═════ Material provided

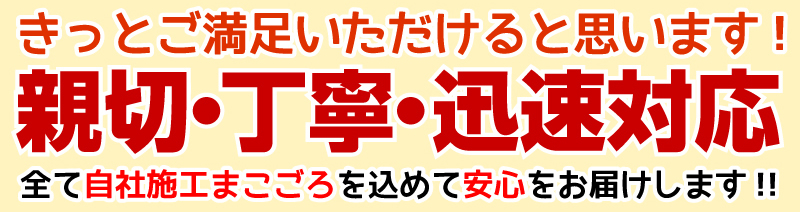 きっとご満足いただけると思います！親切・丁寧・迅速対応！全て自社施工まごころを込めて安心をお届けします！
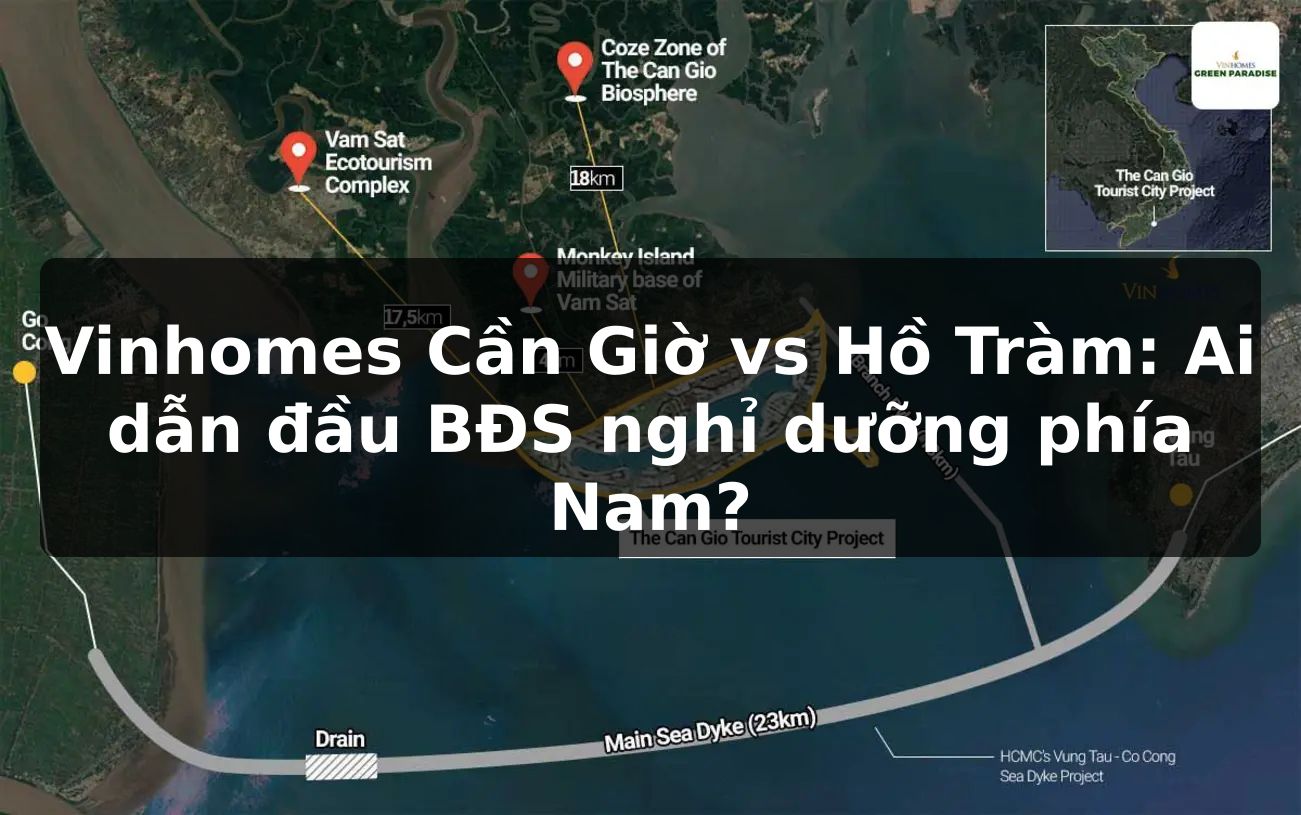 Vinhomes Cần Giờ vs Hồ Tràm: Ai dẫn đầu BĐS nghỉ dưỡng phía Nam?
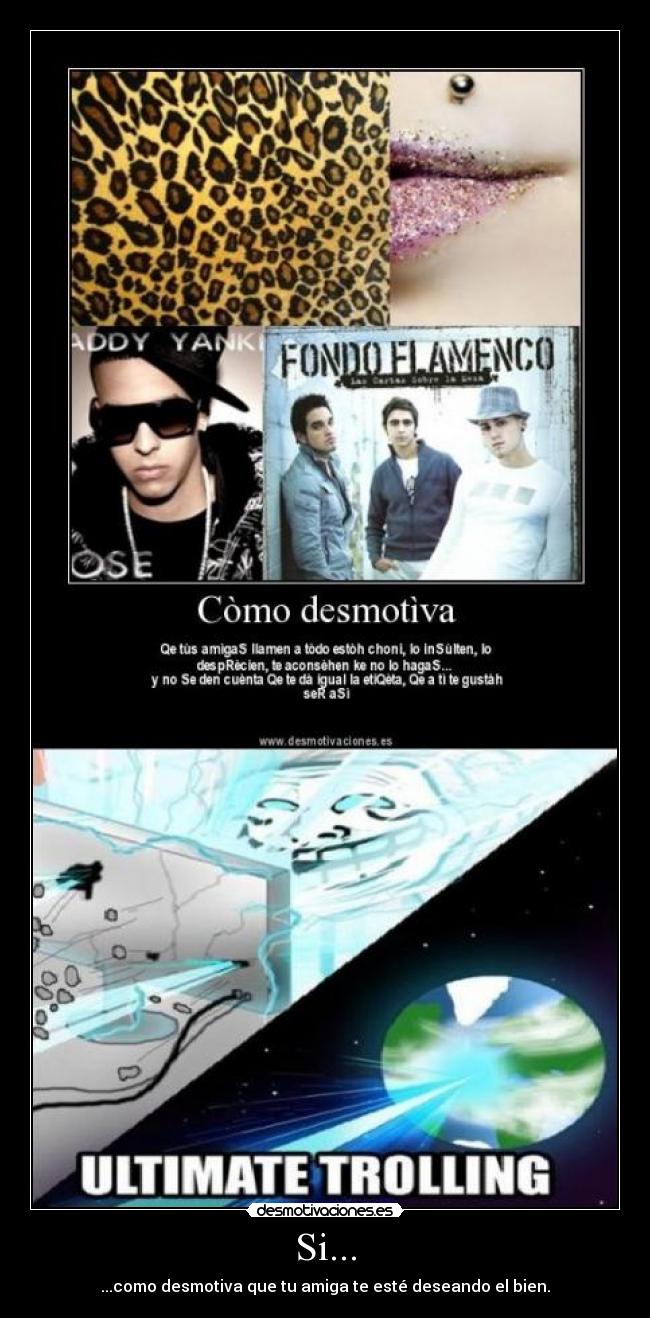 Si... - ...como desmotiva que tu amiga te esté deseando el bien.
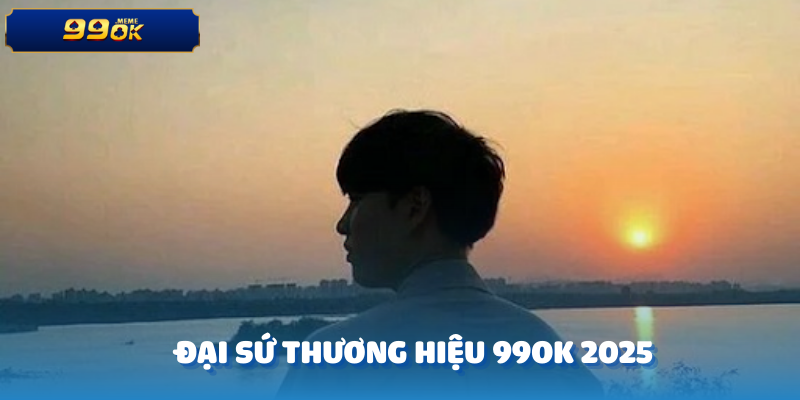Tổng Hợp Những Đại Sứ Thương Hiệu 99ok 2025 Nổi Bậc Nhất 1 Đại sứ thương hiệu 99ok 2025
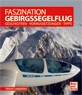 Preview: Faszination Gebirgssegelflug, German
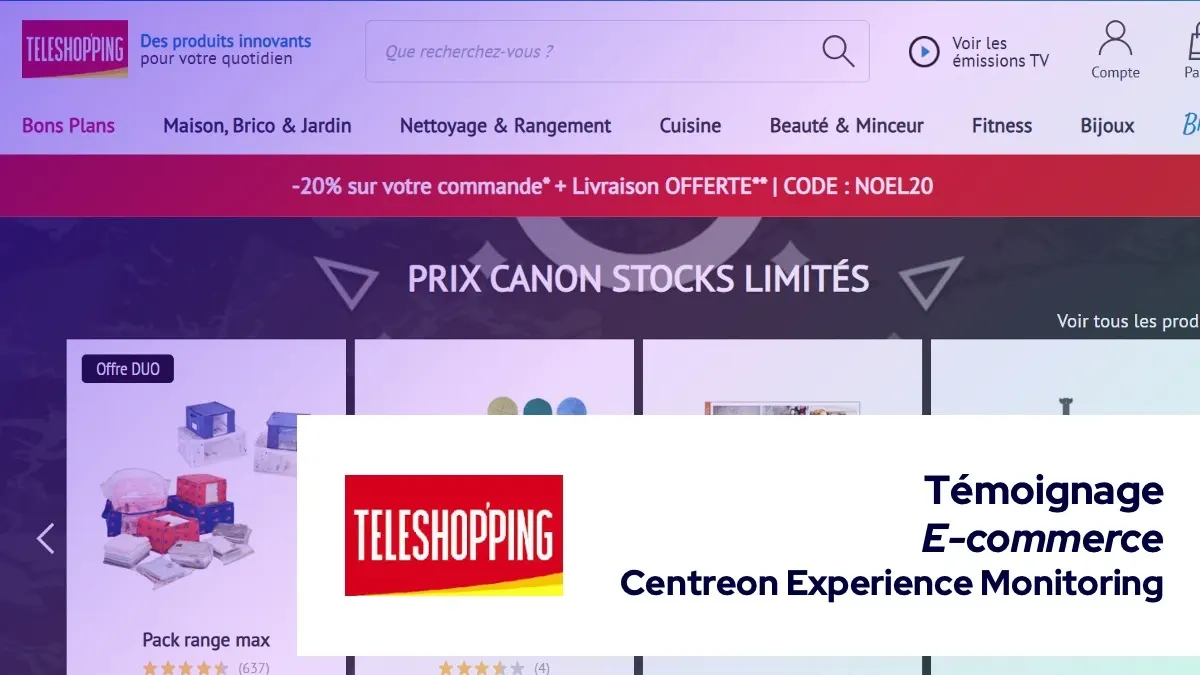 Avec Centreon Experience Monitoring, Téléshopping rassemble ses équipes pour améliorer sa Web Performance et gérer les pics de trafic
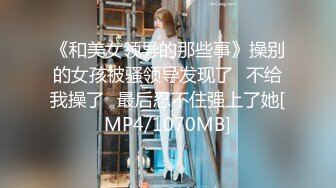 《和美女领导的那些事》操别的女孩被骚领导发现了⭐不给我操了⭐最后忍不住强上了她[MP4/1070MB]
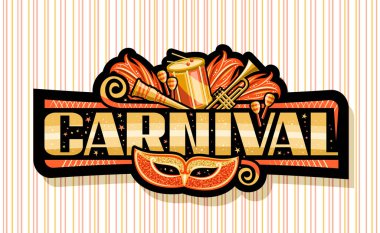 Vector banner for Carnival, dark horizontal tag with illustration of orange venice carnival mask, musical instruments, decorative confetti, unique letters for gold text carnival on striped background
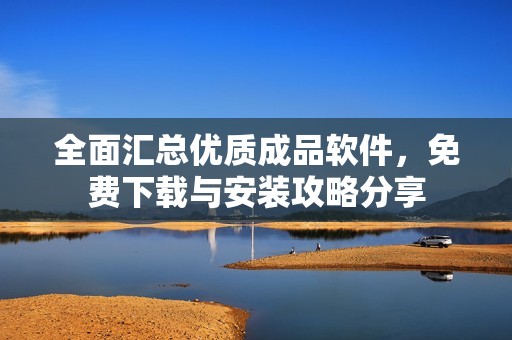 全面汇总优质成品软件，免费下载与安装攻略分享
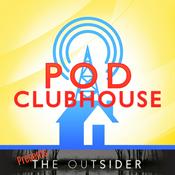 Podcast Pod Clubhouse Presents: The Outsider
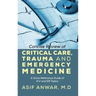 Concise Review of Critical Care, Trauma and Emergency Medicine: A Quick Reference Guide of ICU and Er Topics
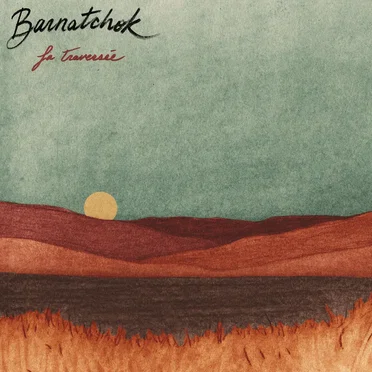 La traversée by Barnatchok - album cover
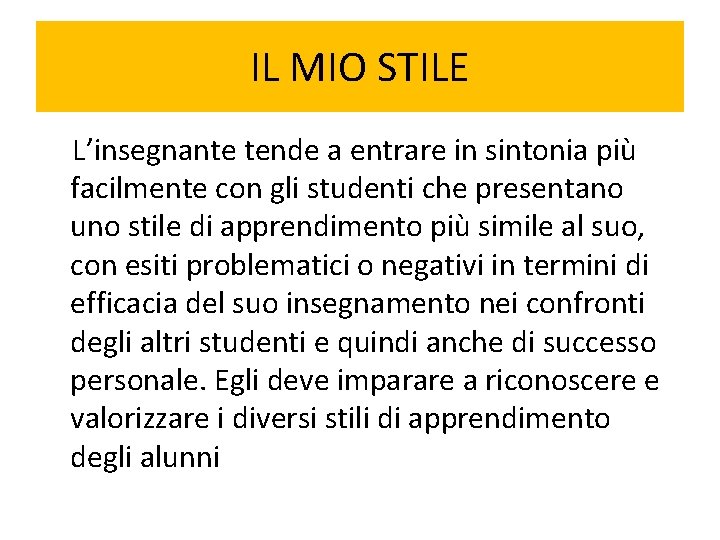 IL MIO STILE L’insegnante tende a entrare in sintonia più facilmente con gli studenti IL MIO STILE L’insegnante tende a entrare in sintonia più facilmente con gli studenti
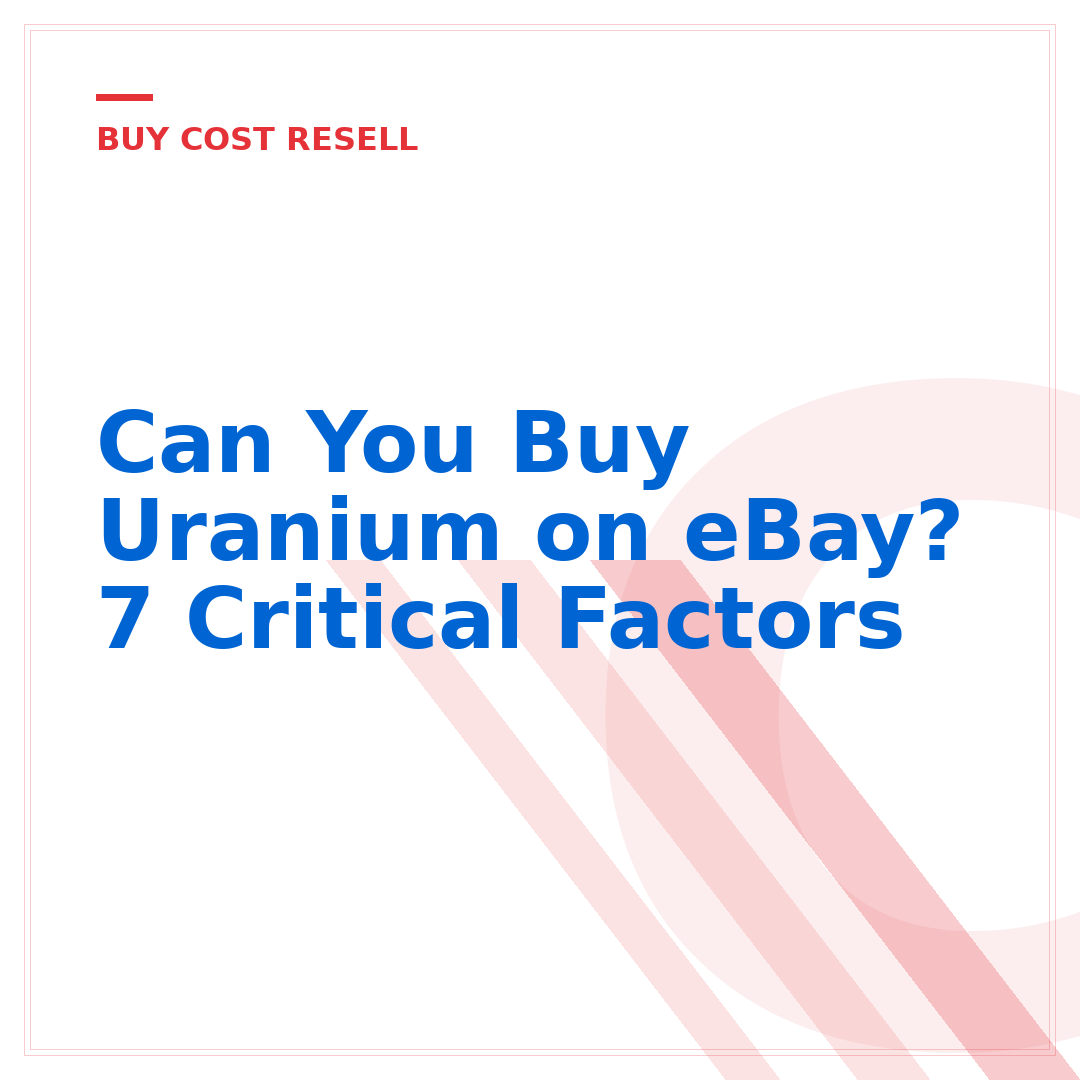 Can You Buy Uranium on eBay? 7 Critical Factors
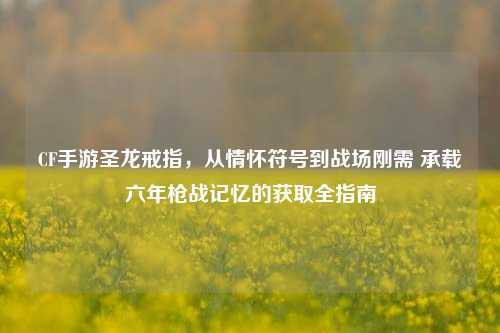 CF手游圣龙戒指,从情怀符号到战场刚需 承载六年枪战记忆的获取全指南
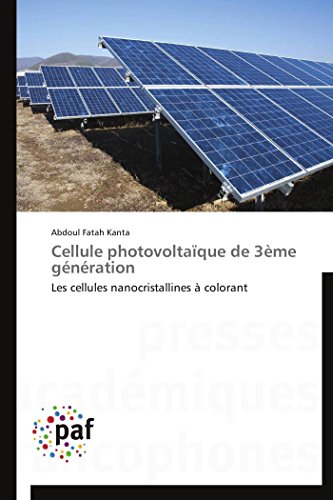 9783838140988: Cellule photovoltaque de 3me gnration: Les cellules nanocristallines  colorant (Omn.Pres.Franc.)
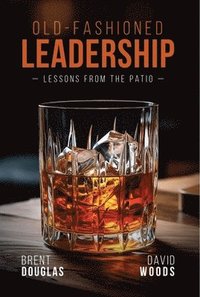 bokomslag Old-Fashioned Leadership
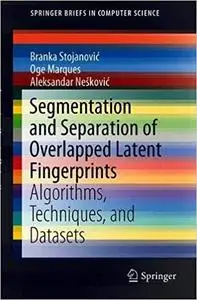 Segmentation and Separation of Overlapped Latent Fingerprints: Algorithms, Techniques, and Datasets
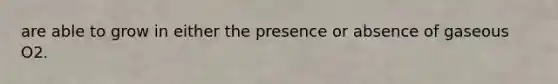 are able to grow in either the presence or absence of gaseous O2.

══════════

◆ What you are asked to do
Only the text of the records belongs in the answer; reproduce it verbatim, with no pictures.

◆ Written response
 きっとご満足いただけると思います！親切・丁寧・迅速対応！全て自社施工まごころを込めて安心をお届けします！
 Vinhomes Cần Giờ vs Hồ Tràm: Ai dẫn đầu BĐS nghỉ dưỡng phía Nam?
 Si... - ...como desmotiva que tu amiga te esté deseando el bien.
Tổng Hợp Những Đại Sứ Thương Hiệu 99ok 2025 Nổi Bậc Nhất 1 Đại sứ thương hiệu 99ok 2025
 Preview: Faszination Gebirgssegelflug, German
 Avec Centreon Experience Monitoring, Téléshopping rassemble ses équipes pour améliorer sa Web Performance et gérer les pics de trafic
 《和美女领导的那些事》操别的女孩被骚领导发现了⭐不给我操了⭐最后忍不住强上了她[MP4/1070MB]
 Vector banner for Carnival, dark horizontal tag with illustration of orange venice carnival mask, musical instruments, decorative confetti, unique letters for gold text carnival on striped background
 全面汇总优质成品软件，免费下载与安装攻略分享
 Podcast Pod Clubhouse Presents: The Outsider
 Concise Review of Critical Care, Trauma and Emergency Medicine: A Quick Reference Guide of ICU and Er Topics
 La traversée by Barnatchok - album cover
 IL MIO STILE L’insegnante tende a entrare in sintonia più facilmente con gli studenti IL MIO STILE L’insegnante tende a entrare in sintonia più facilmente con gli studenti
 Can You Buy Uranium on eBay? 7 Critical Factors
 CF手游圣龙戒指,从情怀符号到战场刚需 承载六年枪战记忆的获取全指南
 9783838140988: Cellule photovoltaque de 3me gnration: Les cellules nanocristallines  colorant (Omn.Pres.Franc.)
 bokomslag Old-Fashioned Leadership
 Segmentation and Separation of Overlapped Latent Fingerprints: Algorithms, Techniques, and Datasets
 are able to grow in either the presence or absence of gaseous O2.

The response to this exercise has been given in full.